Dezenas de convidados americanos e israelitas gritaram ontem o nome de Trump nos intervalos dos discursos em Jerusalém. A comitiva da Casa Branca, de facto, surgiu liderada por um Trump, Ivanka, a filha e conselheira do presidente, acompanhada do seu marido, Jared Kushner, como ela, judeu ortodoxo. Kushner, a quem recentemente foi retirada a autorização para receber informações confidenciais, é também o enviado de Donald Trump para negociar a mesma paz no Médio Oriente que se tornou mais improvável com o fim do acordo iraniano e a deslocação da embaixada – que o digam os bombardeamentos israelitas da semana passada contra posições iranianas na Síria e a retaliação violenta aos protestos de ontem. “Como temos vindo a assistir nos protestos do último mês e mesmo hoje, aqueles que provocam violência fazem parte do problema e não da solução”, disse, dirigindo-se aos palestinianos que se manifestavam na Faixa de Gaza.

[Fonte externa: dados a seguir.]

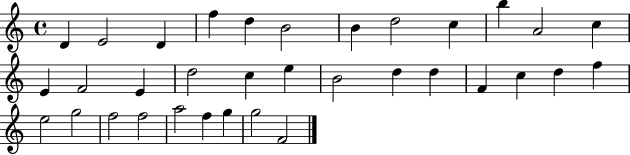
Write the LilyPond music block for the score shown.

{
  \clef treble
  \time 4/4
  \defaultTimeSignature
  \key c \major
  d'4 e'2 d'4 | f''4 d''4 b'2 | b'4 d''2 c''4 | b''4 a'2 c''4 | \break e'4 f'2 e'4 | d''2 c''4 e''4 | b'2 d''4 d''4 | f'4 c''4 d''4 f''4 | \break e''2 g''2 | f''2 f''2 | a''2 f''4 g''4 | g''2 f'2 | \break \bar "|."
}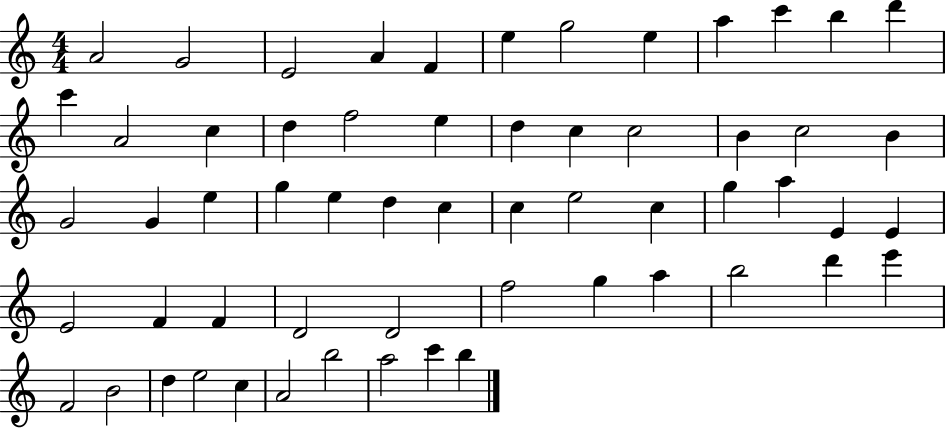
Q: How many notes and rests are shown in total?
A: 59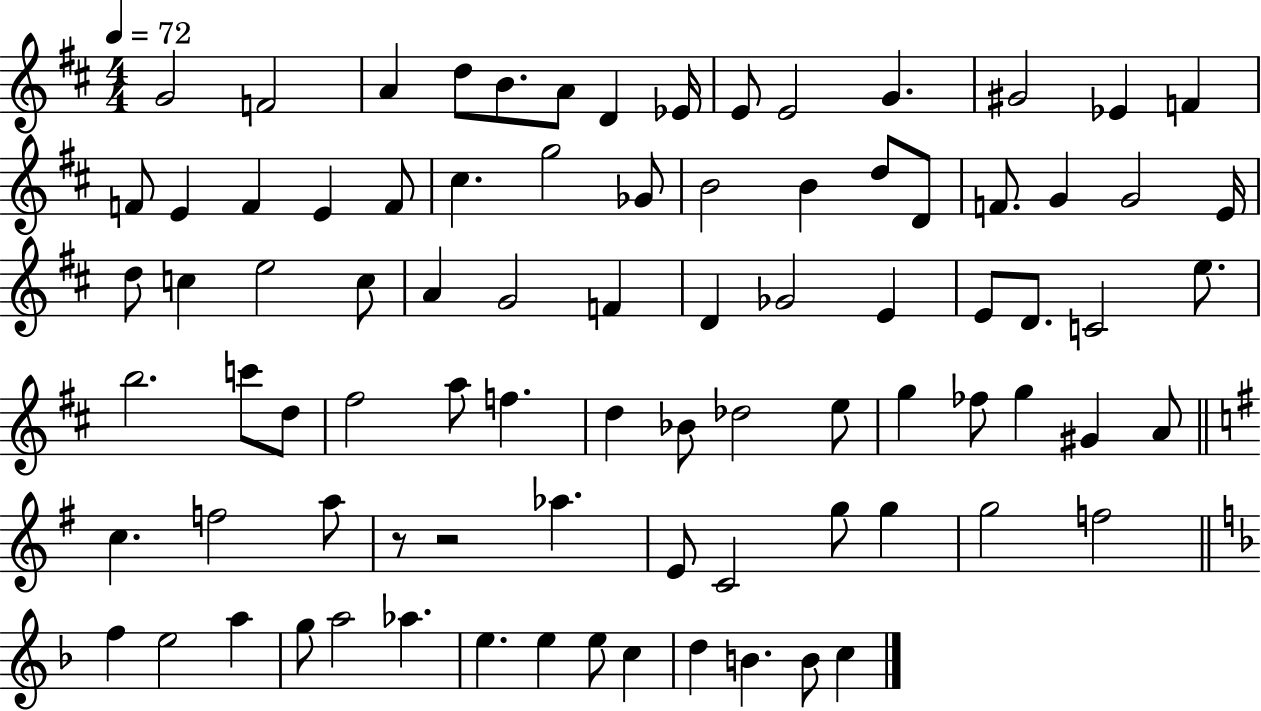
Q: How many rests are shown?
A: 2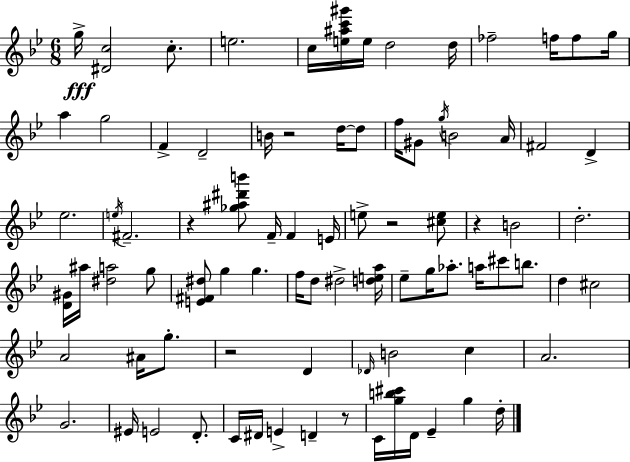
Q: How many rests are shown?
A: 6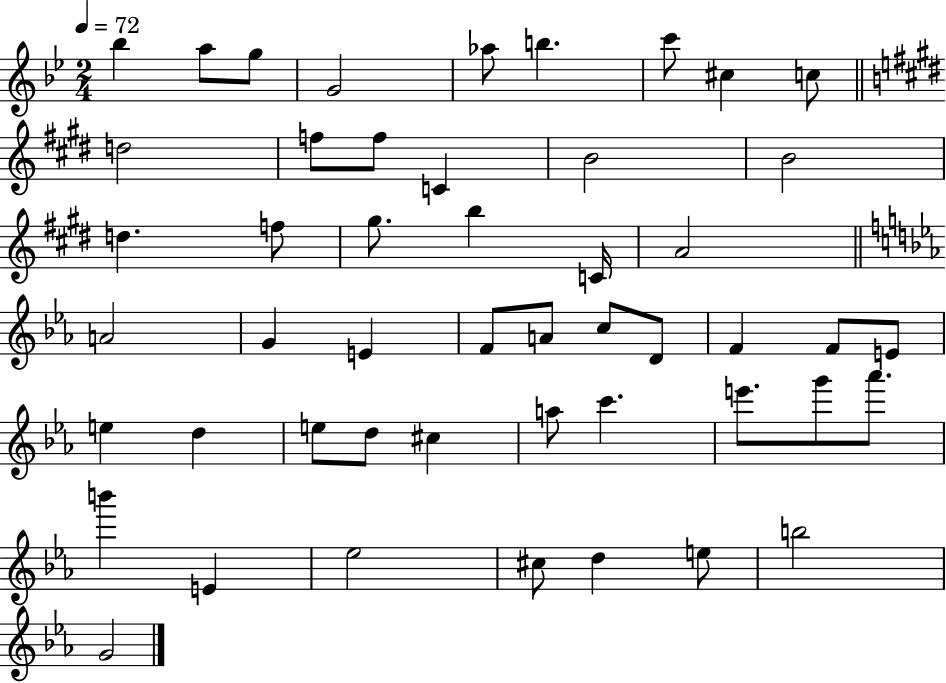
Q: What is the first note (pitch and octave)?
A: Bb5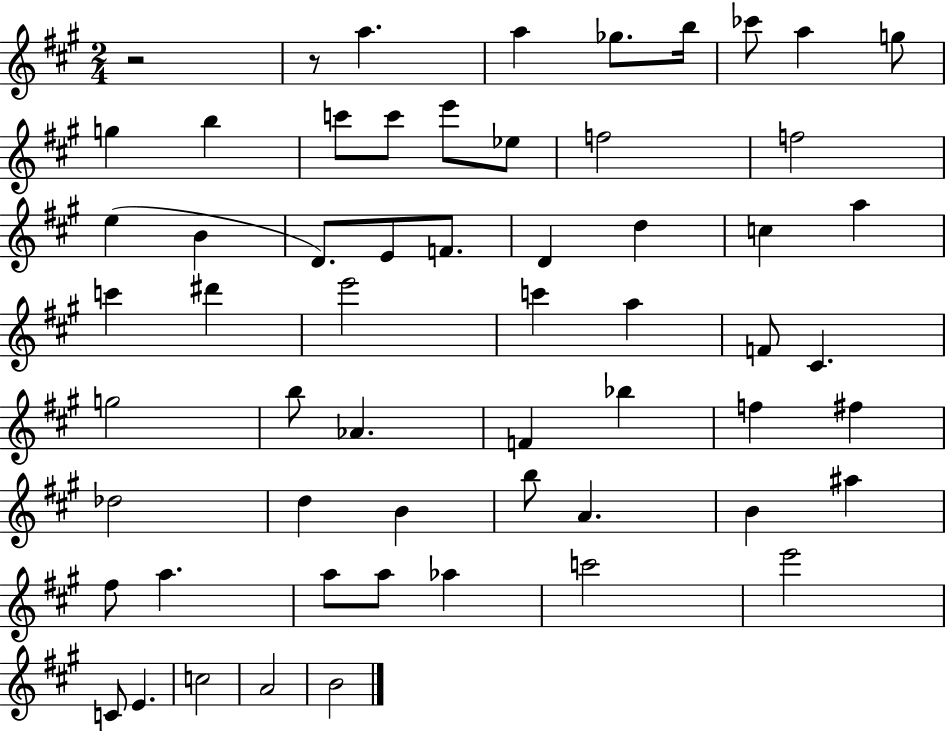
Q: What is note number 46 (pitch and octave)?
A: F#5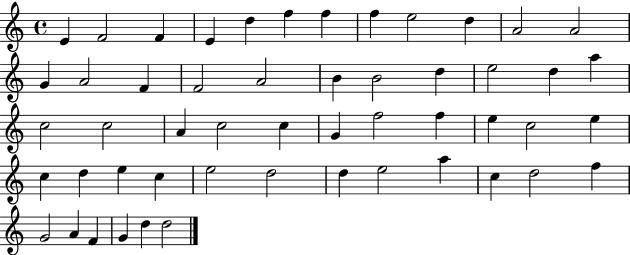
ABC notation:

X:1
T:Untitled
M:4/4
L:1/4
K:C
E F2 F E d f f f e2 d A2 A2 G A2 F F2 A2 B B2 d e2 d a c2 c2 A c2 c G f2 f e c2 e c d e c e2 d2 d e2 a c d2 f G2 A F G d d2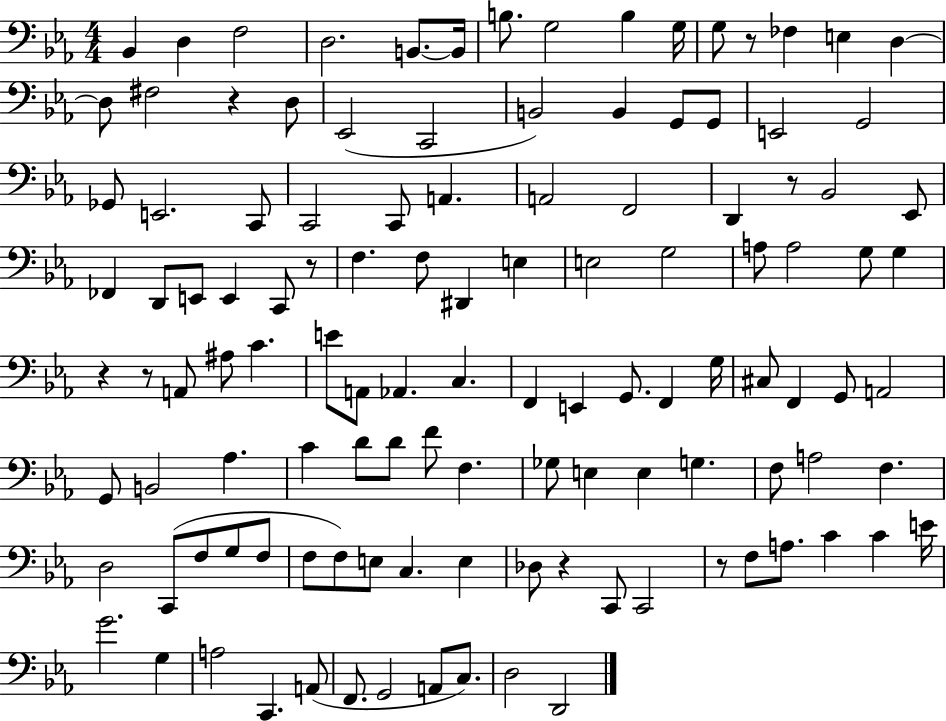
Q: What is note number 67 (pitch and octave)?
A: A2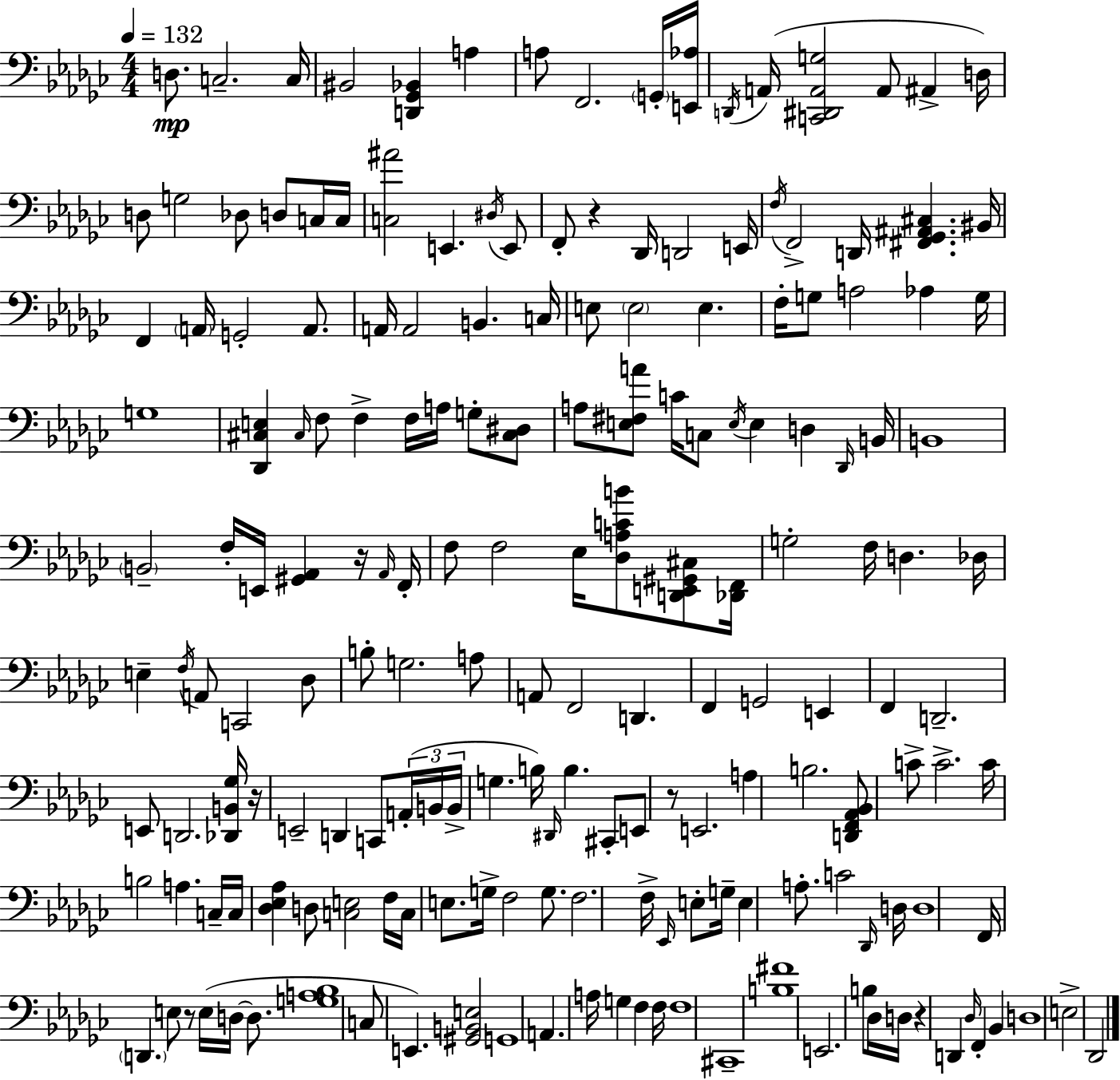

As referências de Kushner aos confrontos de ontem foram as únicas ouvidas entre as grandes figuras cerimoniais – entre as quais se encontrava, por exemplo, um dos conselheiros evangélicos do presidente americano, Robert Jeffress, que no passado afirmou que judeus e muçulmanos vão para o inferno: o mesmo destino que reserva a apoiantes de Hillary Clinton. A abertura da embaixada americana, aliás, foi em muitos aspetos uma representação do ambiente de êxtase nacionalista que se vive em Israel. Chemi Shalev, o editor da versão americana do jornal “Haaretz” descreve-o: “Em Israel, por estes dias, Benjamin Netanyahu é rei e Donald Trump é um deus”, escreve. “A adrenalina e testosterona que corre pelas veias da nação pode em breve transbordar”. Netanyahu era ontem disso exemplo. Ayelet Shaked, ministro da Justiça do seu governo, também. “[Trump] voltou atrás com a política de capitulação de Chamberlain e está a mostrar ao mundo que o senhorio regressou”, disse ontem.